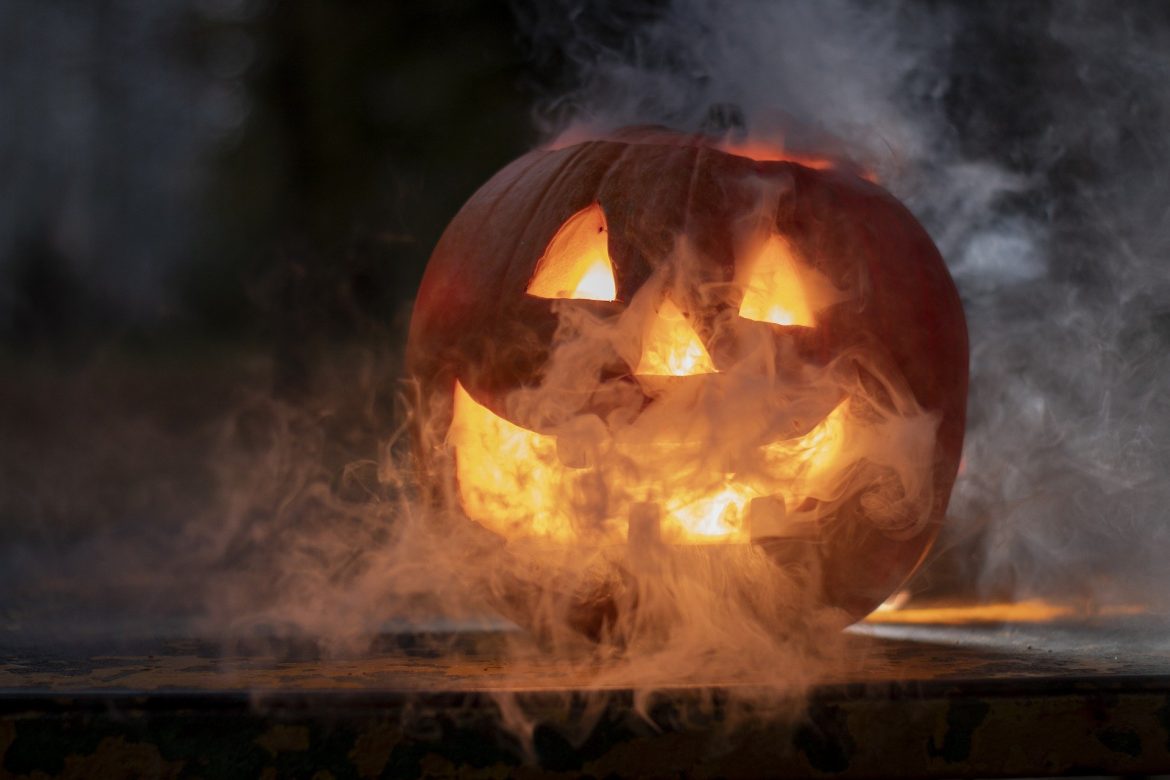 Halloween-Randale mit verletzten Polizisten in Hamburg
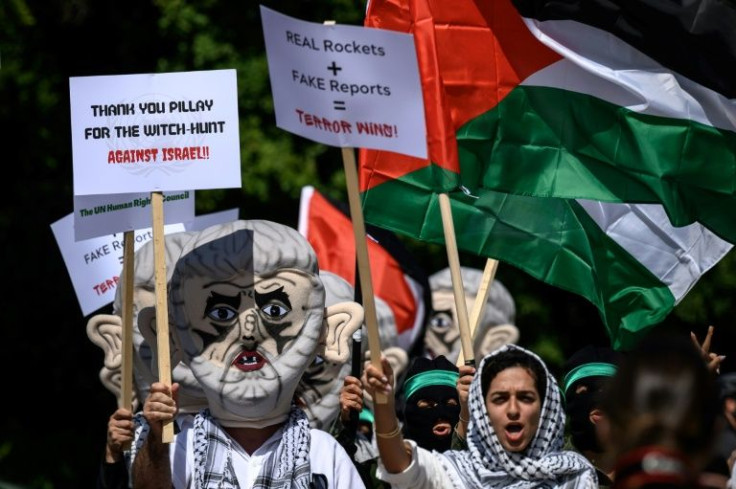 Dozens of Israeli reserve soldiers and students -- some of them dressed like Palestinian Hamas militants -- protested outside the UN headquarters in Geneva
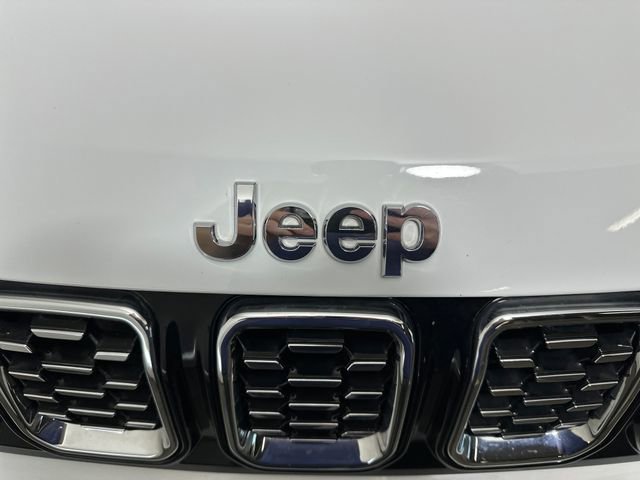 Used 2024 Jeep Compass Limited image 9
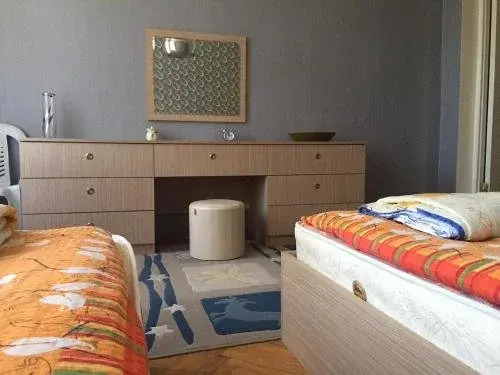 Они: Guest House M&B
──────
Write out exactly, and only, the lines from the line holding "Used 2024 Jeep Compass Limited image 9" through the end of the data, inclusive, without any pictures.

◆ Exercise output
 Used 2024 Jeep Compass Limited image 9
 Они: Guest House M&B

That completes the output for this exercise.